The LACMA director’s job will be an interesting position, to be sure; Rich’s successor will lead the museum through a major expansion and enjoy swelled membership in the wake of this year’s crowd-pleasing King Tut show. But the new director will also face the delicate task of reckoning with billionaire philanthropist Eli Broad, primary sponsor of the LACMA expansion.

In other words, the job is tricky, and finding somebody to fill it may be just as tricky. More than a dozen U.S. art museums, from Miami to Portland, Ore., are beating the bushes for new directors, and LACMA’s executive search committee remains mum, with Chairwoman Nancy Daly Riordan declining to publicly set any hiring-date goal.

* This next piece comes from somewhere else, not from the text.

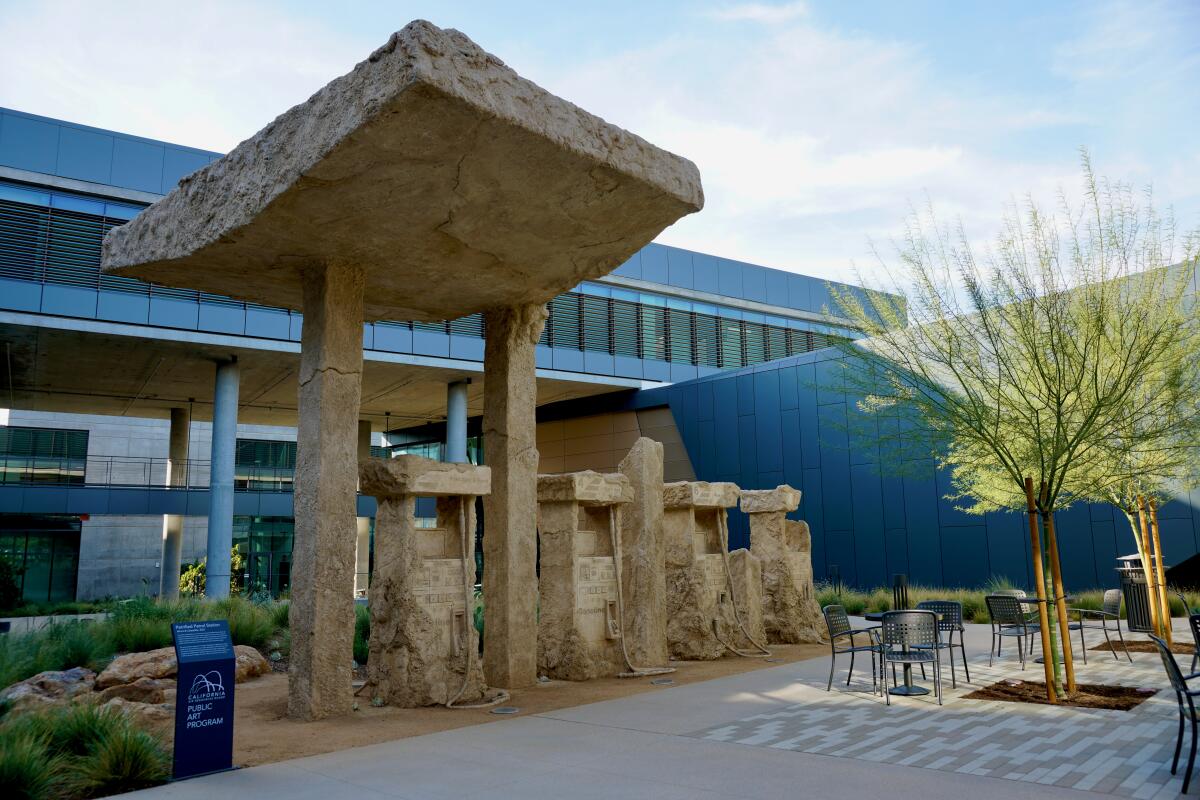 A sculpture resembles stone gasoline pumps.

Up the hill in Brentwood, meanwhile, the beleaguered Getty Museum -- which had a tougher year than anybody (see sidebar) -- filled its own leadership vacuum in August by hiring Michael Brand away from the much smaller Virginia Museum of Fine Arts. But three high-level museum posts remain to be filled: an antiquities curator, an associate director for collections and an associate director in charge of administration and public affairs.

Lesson 1: Good help is hard to find.

Possession isn’t nine-tenths

SPEAKING of challenges at the Getty, anybody choosing a career in museum management should be warned that if you chase down the wrong old artworks with too much ardor these days, you could find yourself not only wanted but wanted.

In a campaign to regain scores of items it says were looted from its land, the Italian government is not only prosecuting former Getty curator Marion True but pressing several other institutions, including the Metropolitan Museum of Art and the Boston Museum of Fine Arts, to hand back treasures. The Greek government has talked about taking similar action.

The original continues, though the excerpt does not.